Cheetah Racing Cars was a prolific Australian manufacturer of race cars. The cars were almost solely designed, engineered and constructed by Brian Shead in a small factory at the rear of his home in Mordialloc, a suburb of Melbourne, Australia.

History
The first Cheetah was built for Shead's personal use in 1960. It was a 'Cooper Copy' built to race in Formula Junior. A second Cheetah was built in 1962 and third in 1963. A completely new design was commenced in 1970, after which a friend (Don Biggar) persuaded Shead to construct an additional car, Mk4H Hill-climb car powered by an Oldsmobile V8 engine. By 1973 Shead gave up his usual job to design and build race cars full-time. The final car was produced in 1989, being a Mk9 for use in Formula Holden. Cars were constructed for Formula Junior, Formula Libre, Hillclimbing, Australian Formula 3 (AF3), Australian Formula 2 (AF2), Australian Formula 1 (AF1 or Formula Atlantic or Formula Pacific) and Formula Holden. Cheetah Race Cars dominated Formula Three during the 1970s and in Australian Formula 2 they were the dominant manufacturer during the late 1970s and most of the 1980s. In Formula Holden, the sole Cheetah built for the category in 1989 was still competitive in the mid-1990s against far newer carbon fibre cars built by Ralt and Reynard.

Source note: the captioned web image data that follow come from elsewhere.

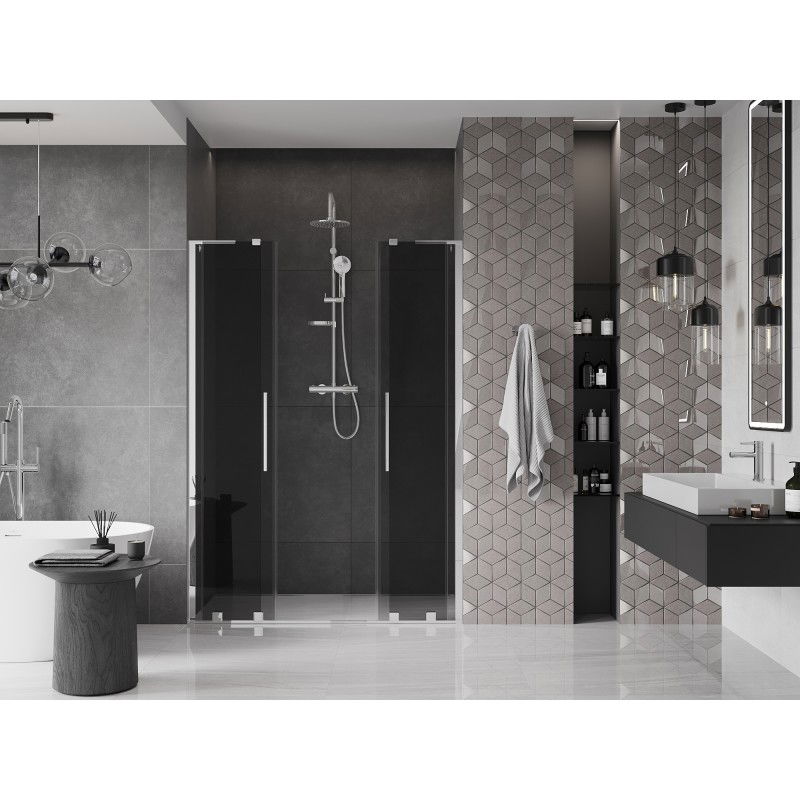 Mexen Velar L Duo porte de douche coulissante 160 cm, graphite, chrome - 871-160-003-42-01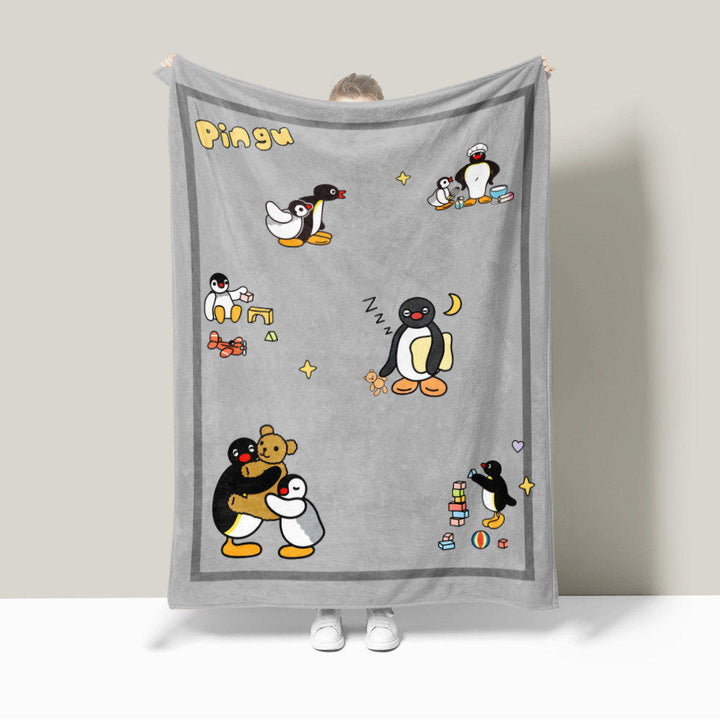 Playful Penguin-Themed Plush Fleece Blanket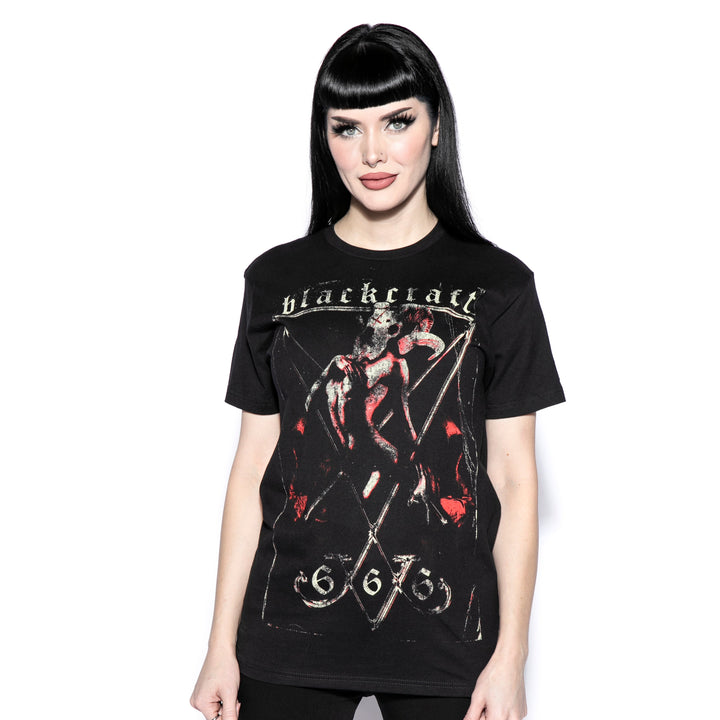 A model wearing a classic black cotton tee with custom Blackcraft artwork on the front.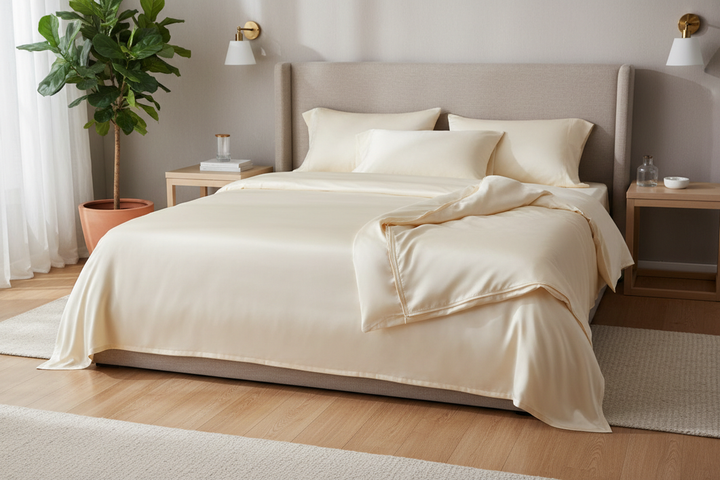 Silk bedding care setup with pillowcase, sheet, and duvet cover arranged for a shared household laundry routine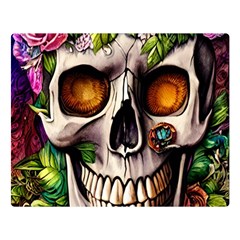 Gothic Skull With Flowers - Cute And Creepy Premium Plush Fleece Blanket (large)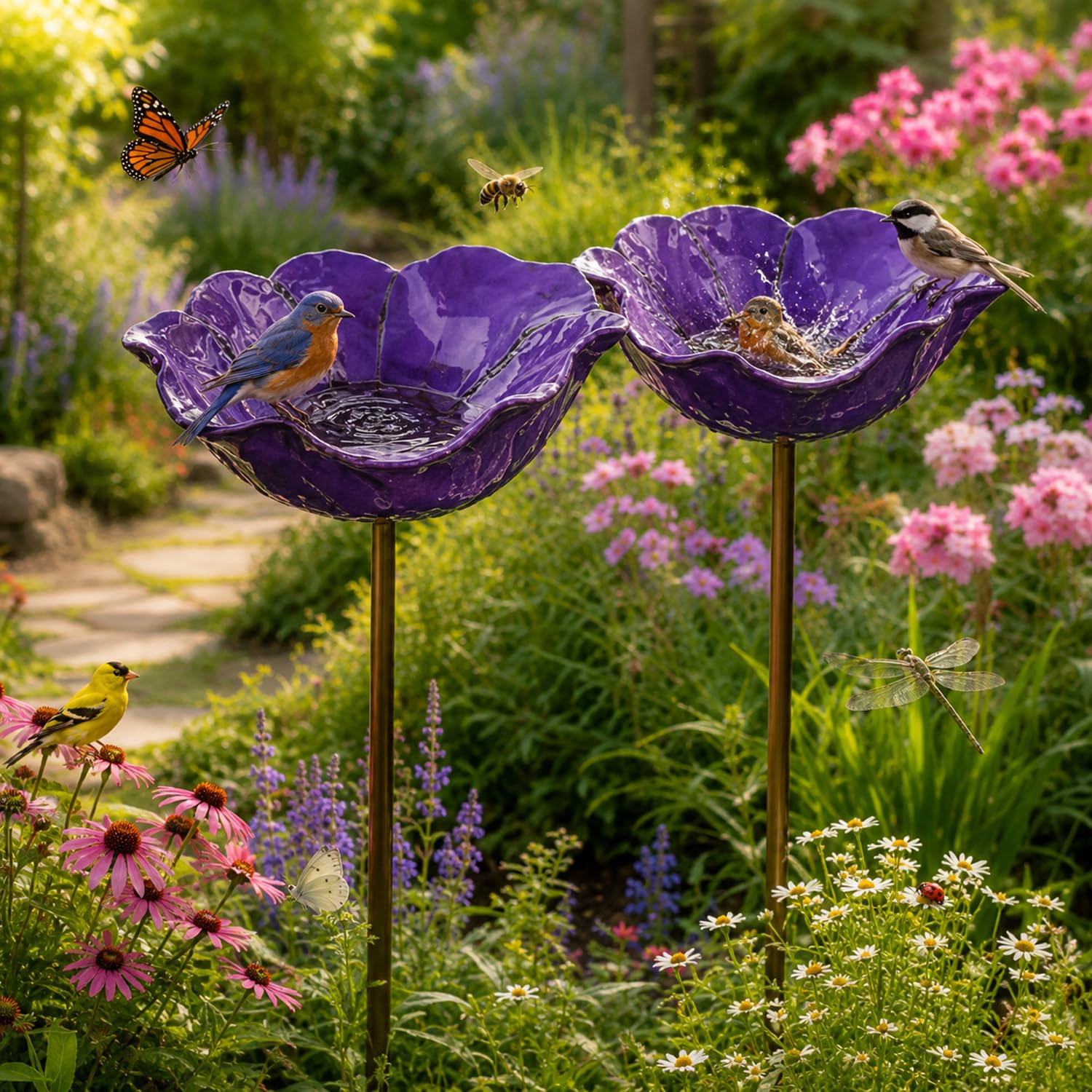 Flower Bird Bath for Outdoors, Freestanding Metal Birdbath with Shallow Basin, Handcrafted Garden Waterer for Birds Bees Butterflies, Anti Rust Anti Fade, 60cm Height 15cm Diameter (Purple 2-pack)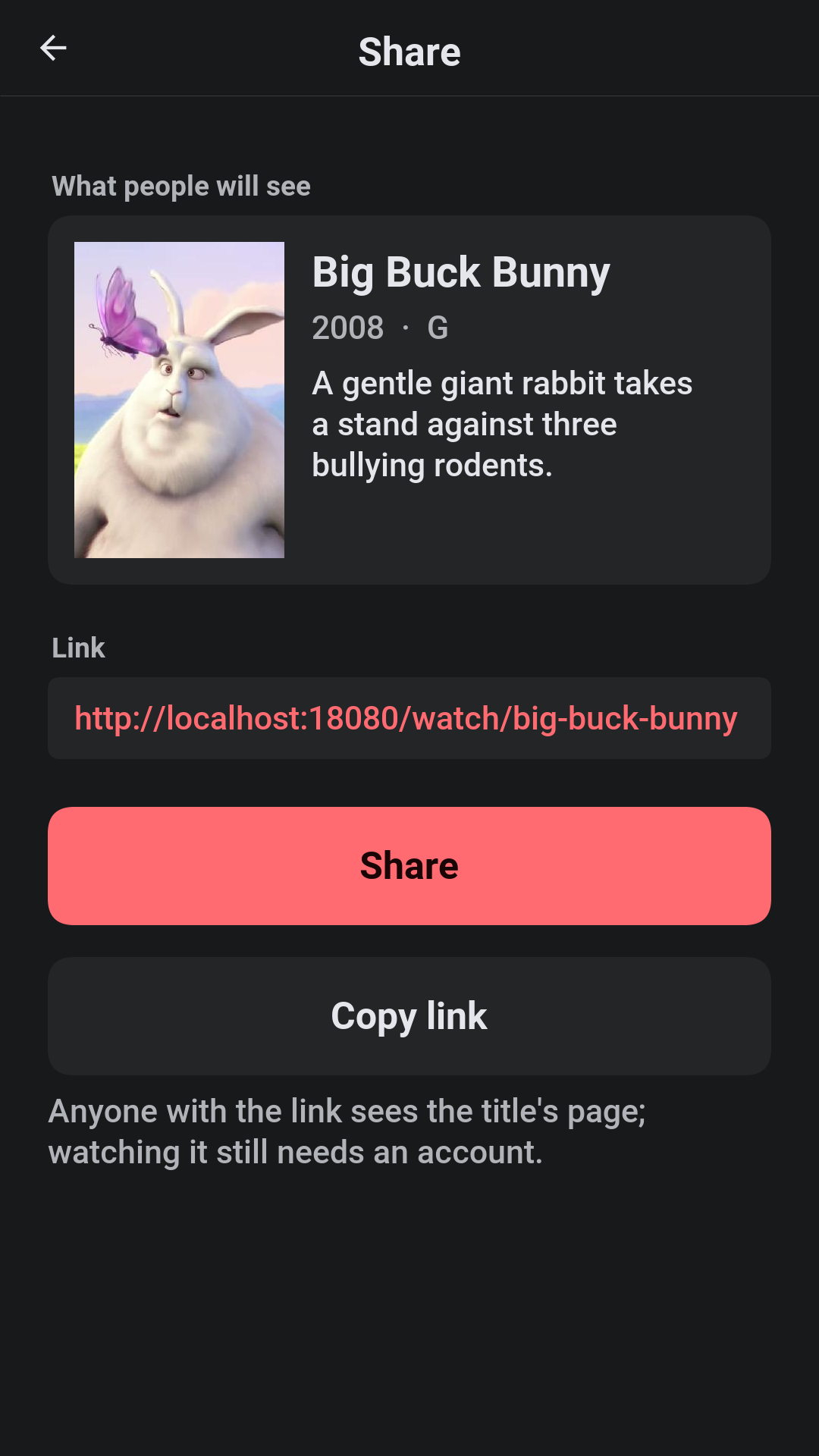 The share screen: a preview card with the title’s poster, name, year, rating and synopsis, the link, and buttons to share it and copy it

Brian Shead also built one car that was not an open wheeler, being a Cheetah Clubman built for the Sports 1300 racing category. It was raced by Peter Jones, winning 132 races, including seven New South Wales titles and three Victorian titles.

Cheetah race cars are common sights at Australian historic race meetings, hill climbs, sprints and in Australian Formula 2 and Formula-R. In the latter two categories, Cheetah Mk7 and Mk8s which were built in the late 1970s and early 1980s are still winning races and championships against far newer carbon fibre tubbed Dallara and Reynard Motorsport cars.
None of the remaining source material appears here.